News: All's Not Quiet on the Western Front

Green Township residents battle a mega-store development proposal, but the war likely has been lost

It's a classic, recurring community dispute: Residents in a growing area don't want to live next to another large store with a parking lot.

This time, the 80,000-square-foot store in question is planned for 18 acres on Harrison Avenue in Green Township, between Blue Lake Drive and Valley Ridge Road.

Owners of the 60 homes at nearby Chateau Lakes are worried that storm-water run-off from the planned 400-space parking lot will pollute one of the subdivision's two lakes.
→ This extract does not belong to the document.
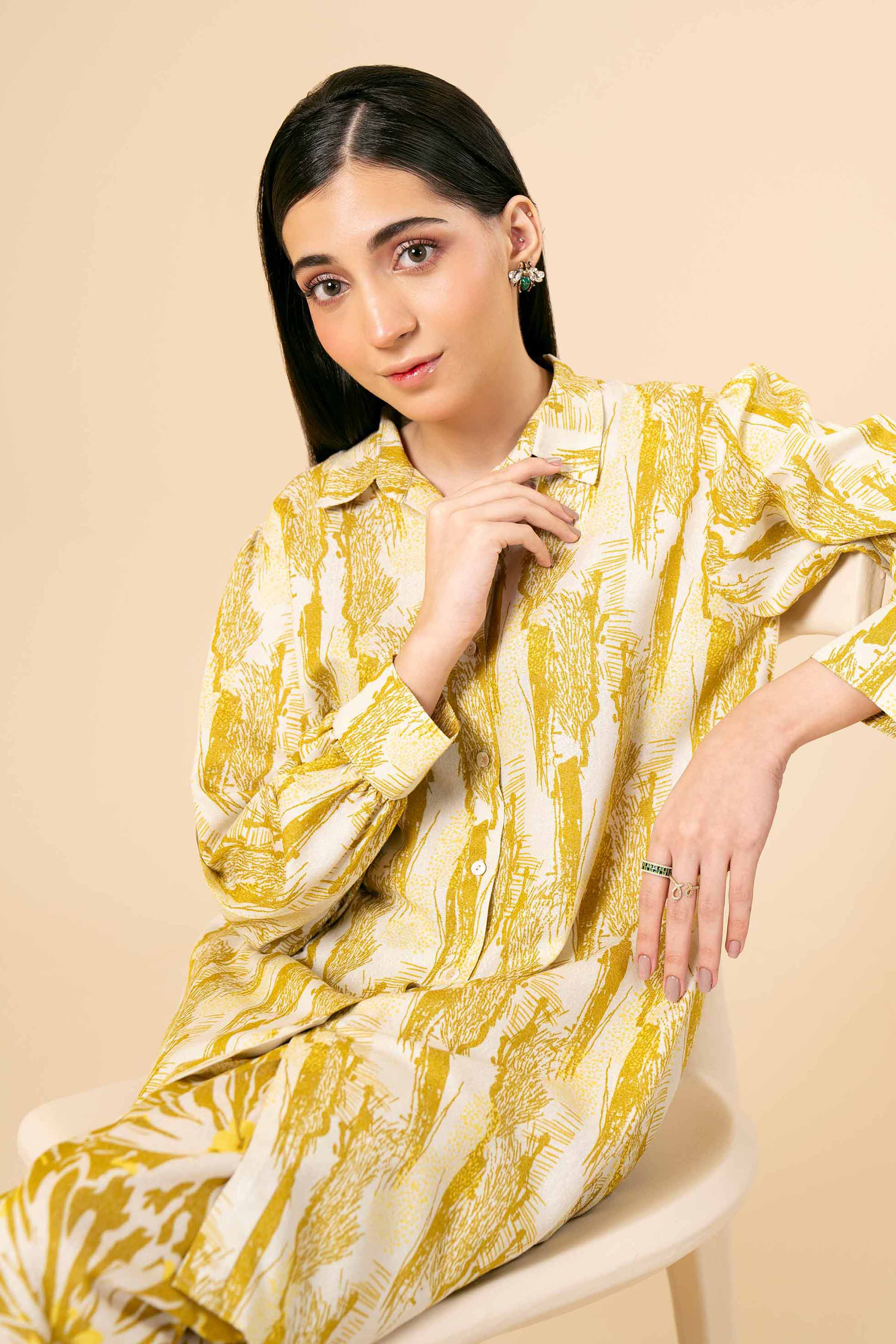 NishatUK - Brown Printed Karandi 2-piece unstitched Dress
Silt streaming from stockpiled dirt on the nearby property has already turned Clear Lake a chocolate brown, according to Bob Gardner, president of the Chateau Lakes Homeowners Association.

The Concerned Citizens of Western Hamilton County (CCWHC), a grassroots group that tracks development, is backing the residents, citing concerns that the store is just too big for the property, according to CCWHC spokesperson Clare Johnson.

"You can build the pyramids, but what is the impact to the community?," said Joseph Jaap, the attorney representing Chateau Lakes residents.

The property in question — which currently is mostly empty — is owned by a trust of the six-member Geiler family. They're pushing for the "highest and best use" of their land, meaning the most profitable, which is a large store for a yet-to-be determined occupant, according to Charles Mitchell, the Geilers' attorney.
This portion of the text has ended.